● Activity
I need the lines from the one containing "Toyota Hilux SW4" through the last line of the entries retyped exactly, with no pictures among them.

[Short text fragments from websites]
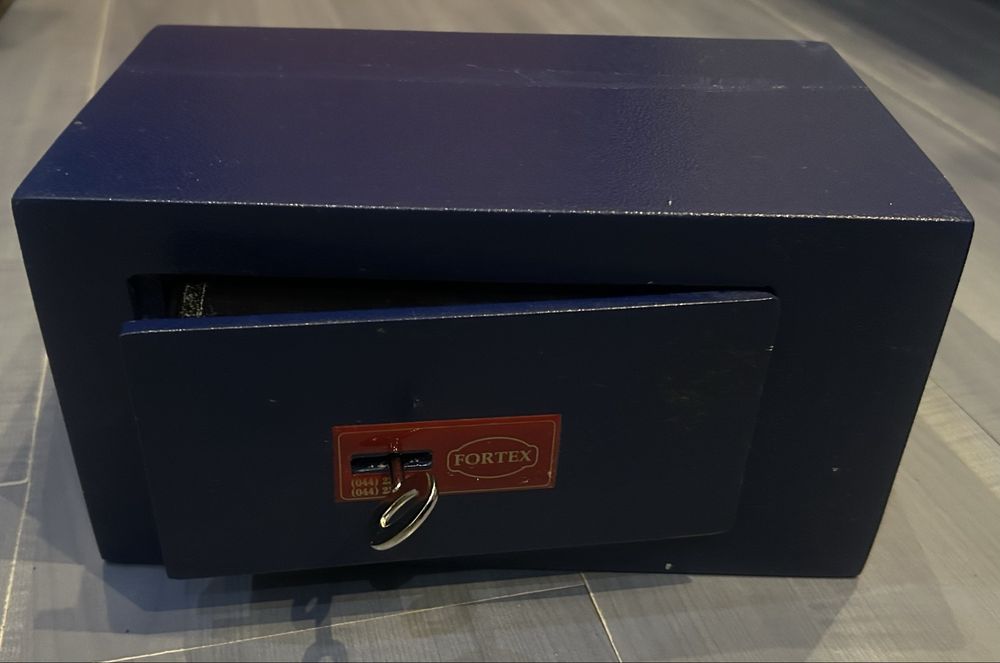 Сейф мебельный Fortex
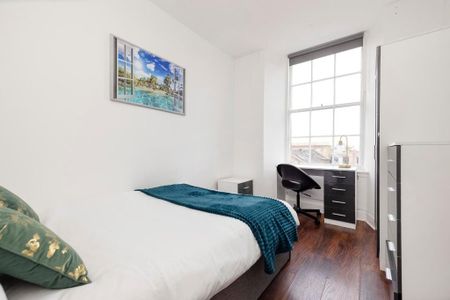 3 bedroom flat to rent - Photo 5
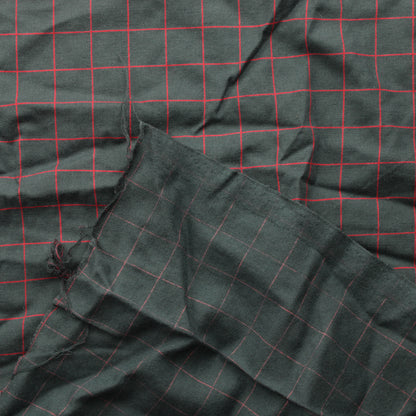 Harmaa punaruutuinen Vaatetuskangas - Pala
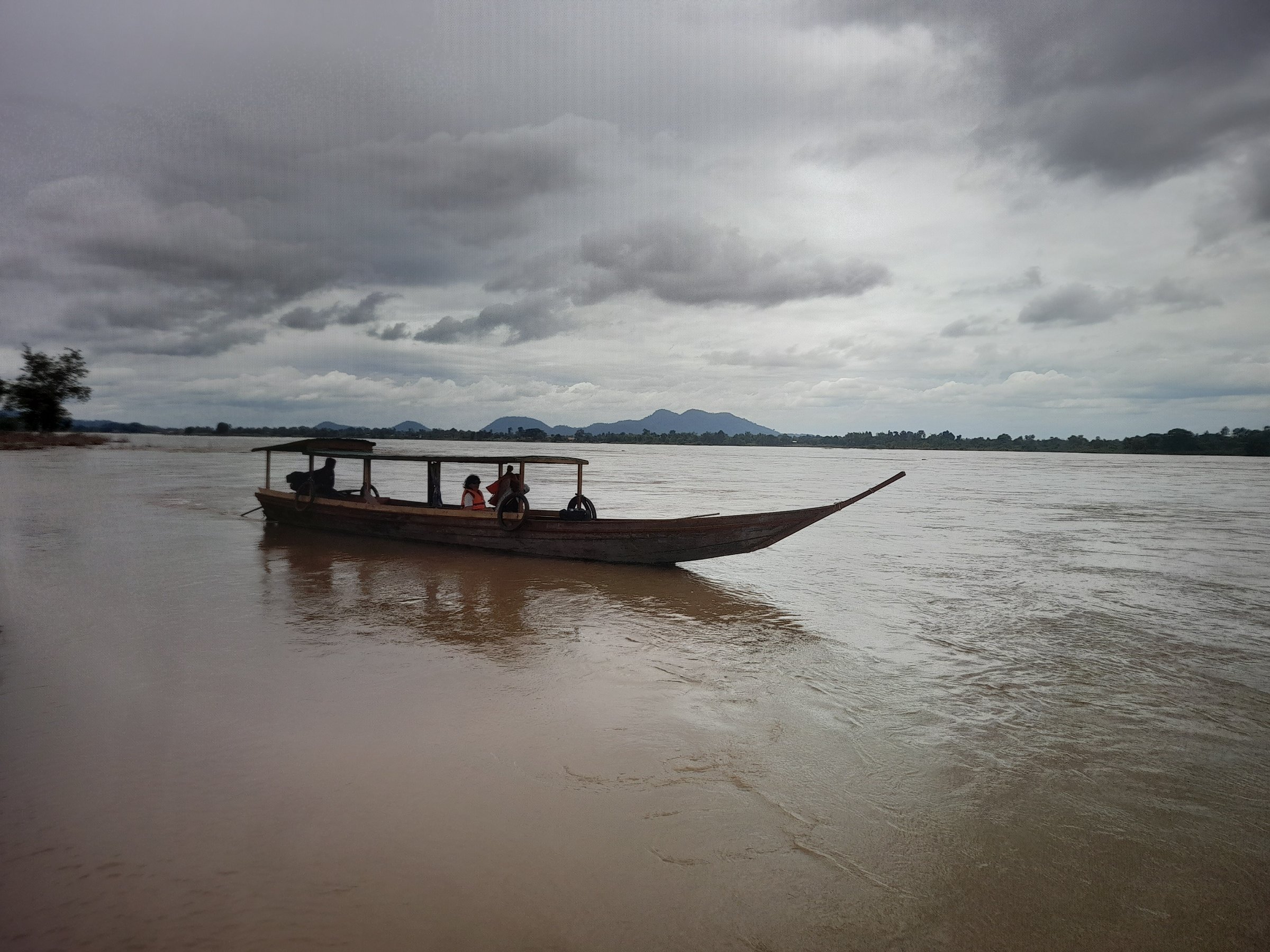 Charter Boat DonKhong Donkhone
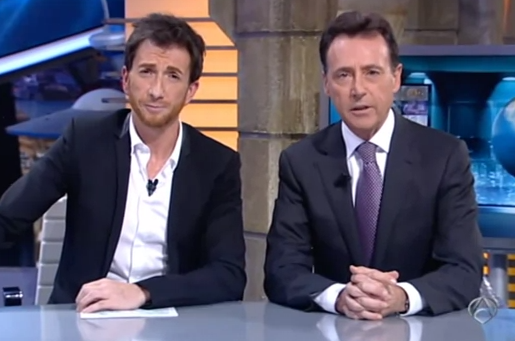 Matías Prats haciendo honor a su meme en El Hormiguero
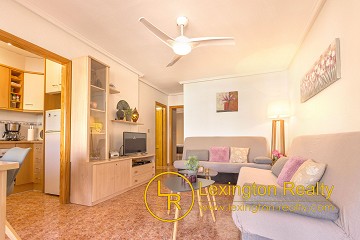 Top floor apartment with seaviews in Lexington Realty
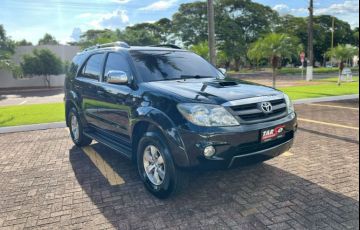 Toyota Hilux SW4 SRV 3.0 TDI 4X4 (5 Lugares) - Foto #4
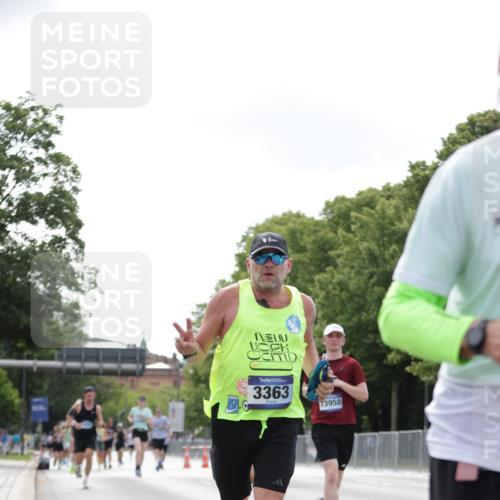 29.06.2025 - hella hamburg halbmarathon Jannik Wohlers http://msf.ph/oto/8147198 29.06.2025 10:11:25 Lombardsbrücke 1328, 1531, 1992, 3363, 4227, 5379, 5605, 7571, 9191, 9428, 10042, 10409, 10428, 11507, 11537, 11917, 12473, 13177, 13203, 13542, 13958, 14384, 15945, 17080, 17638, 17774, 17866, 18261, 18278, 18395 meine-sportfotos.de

● Result for this task
 Toyota Hilux SW4 SRV 3.0 TDI 4X4 (5 Lugares) - Foto #4
 29.06.2025 - hella hamburg halbmarathon Jannik Wohlers http://msf.ph/oto/8147198 29.06.2025 10:11:25 Lombardsbrücke 1328, 1531, 1992, 3363, 4227, 5379, 5605, 7571, 9191, 9428, 10042, 10409, 10428, 11507, 11537, 11917, 12473, 13177, 13203, 13542, 13958, 14384, 15945, 17080, 17638, 17774, 17866, 18261, 18278, 18395 meine-sportfotos.de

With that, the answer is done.